Pelican brew a spicy little ‘Red Lantern IPA’ at 6.4%. The Red means rye and rye gives smoothness on the palette and a complexity of taste with a touch of spicy heat increasing the sharpness of its piney hops. The delicate caramel malt results in a satisfying refreshing cricket watcher.
Gigantic Brewing brew an IPA which they level headedly call IPA. This brew is like a baby faced assassin. It’s non-aggressive in bitterness with an even confluence of hops between citrus and pine and is very easy drinking.  However, its 7.3% will slap you in the face just when you least expect it.

For sheer hopulence, it’s hard to go past a West Coast American IPA.  
Denis cuddly beer Cooper

Crafty Christmas


Whoa! Only six more days to do your Christmas shopping or if you’re a guy, only five and a half more days before you start.  Usually I get all my gifts from the shop next to where I’ve managed to find a park.
So here’s a thought, instead of the old Susan Boyle CD for Christmas, what about one of those craft beers from parking friendly FreshChoice? A beer that you often had walked past and wondered what that’s like? Well, tis the season of good swill, and what better way to get an ‘out there’ gift for a bit of personal indulgence or for your favourite person who has everything.

Rogue Breweries brew beers that are as much ‘out there’ as dyed female armpit hairs. Two stand-out Rogues perfect for the Christmas day pig-out are the ‘Morimoto Imperial Pilsner’ as the pre lunch or dinner amuze booze and the ‘Double Chocolate Stout’ for the end of day Christmas crash.
The ‘Morimoto Imperial Pilsner’ at 8.8% is one big mo-fo. Like concentrated pilsner, it’s thick, strong and bitingly bitter with walnut like flavours and a dry finish.
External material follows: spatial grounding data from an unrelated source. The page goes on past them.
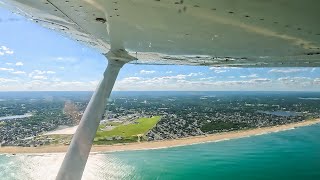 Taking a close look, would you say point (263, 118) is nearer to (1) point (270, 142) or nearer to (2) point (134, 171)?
(1) point (270, 142)

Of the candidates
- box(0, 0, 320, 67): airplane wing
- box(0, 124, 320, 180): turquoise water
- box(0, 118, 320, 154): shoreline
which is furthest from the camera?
box(0, 118, 320, 154): shoreline

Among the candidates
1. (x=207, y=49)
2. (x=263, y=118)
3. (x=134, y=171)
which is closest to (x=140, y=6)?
(x=207, y=49)

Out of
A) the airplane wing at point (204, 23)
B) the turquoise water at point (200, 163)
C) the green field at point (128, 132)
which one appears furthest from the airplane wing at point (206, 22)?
the green field at point (128, 132)

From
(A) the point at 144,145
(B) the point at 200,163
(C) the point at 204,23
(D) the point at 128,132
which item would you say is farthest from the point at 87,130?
(D) the point at 128,132

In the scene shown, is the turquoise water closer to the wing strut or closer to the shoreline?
the shoreline

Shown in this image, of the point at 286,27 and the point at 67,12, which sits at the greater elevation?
the point at 67,12

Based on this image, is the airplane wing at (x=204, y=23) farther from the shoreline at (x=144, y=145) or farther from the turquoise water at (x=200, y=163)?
the shoreline at (x=144, y=145)

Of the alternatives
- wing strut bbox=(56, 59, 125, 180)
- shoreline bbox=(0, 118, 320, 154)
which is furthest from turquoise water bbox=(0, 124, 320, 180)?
wing strut bbox=(56, 59, 125, 180) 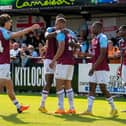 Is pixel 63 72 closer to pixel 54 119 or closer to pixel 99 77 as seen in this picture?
pixel 99 77

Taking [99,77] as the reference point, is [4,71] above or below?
above

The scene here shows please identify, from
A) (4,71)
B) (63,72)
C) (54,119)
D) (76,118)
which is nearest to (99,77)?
(63,72)

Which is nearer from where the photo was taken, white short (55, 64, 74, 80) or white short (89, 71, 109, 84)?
white short (89, 71, 109, 84)

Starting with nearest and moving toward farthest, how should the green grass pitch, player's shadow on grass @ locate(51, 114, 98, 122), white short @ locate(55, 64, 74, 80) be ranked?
the green grass pitch < player's shadow on grass @ locate(51, 114, 98, 122) < white short @ locate(55, 64, 74, 80)

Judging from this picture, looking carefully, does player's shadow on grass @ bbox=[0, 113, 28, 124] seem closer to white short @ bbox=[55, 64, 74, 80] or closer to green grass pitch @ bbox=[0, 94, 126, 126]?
green grass pitch @ bbox=[0, 94, 126, 126]

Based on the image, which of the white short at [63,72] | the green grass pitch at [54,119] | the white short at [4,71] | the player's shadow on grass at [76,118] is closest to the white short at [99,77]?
the white short at [63,72]

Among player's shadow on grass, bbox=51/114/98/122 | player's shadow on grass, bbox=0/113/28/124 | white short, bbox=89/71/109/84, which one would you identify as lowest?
player's shadow on grass, bbox=51/114/98/122

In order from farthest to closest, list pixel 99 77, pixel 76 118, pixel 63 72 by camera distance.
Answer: pixel 63 72 → pixel 99 77 → pixel 76 118

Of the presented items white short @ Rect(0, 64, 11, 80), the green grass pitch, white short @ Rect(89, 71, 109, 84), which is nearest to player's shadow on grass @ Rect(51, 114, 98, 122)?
the green grass pitch

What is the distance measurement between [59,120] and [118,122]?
1247 mm

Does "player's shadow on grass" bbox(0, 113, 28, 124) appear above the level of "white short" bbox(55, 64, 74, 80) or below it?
below

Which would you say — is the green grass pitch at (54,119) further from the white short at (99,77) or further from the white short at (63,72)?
the white short at (63,72)

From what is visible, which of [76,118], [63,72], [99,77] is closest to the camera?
[76,118]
So strong it takes longer to sip than a six pack and even Rogue has appreciated this by supplying a swing top for you to regain enough decorum to re-savour the flavour on Boxing Day.

A stout in summer? No such thing as a bad time for a stout, especially the ‘Double Chocolate Stout’ 8.7%. This is pure decadence with velvety strawberry, caramellow and milk chocolate tones plus just enough hop bitterness and nutmeg bite to relieve any overt sweetness. Winner of 3 world beer champ gold medals, its perfect for a sofa loafer.
A present that doesn’t need wrapping since the label looks like Santa, is the La Chouffe 8%.  This brew even tastes like Christmas. It’s got the classic strong Belgium beer spices, with notes of cloves, ginger, pineapple, cinnamon and everything else found in a Christmas cake. Crikey, even the big foamy white head looks like a Santa’s beard.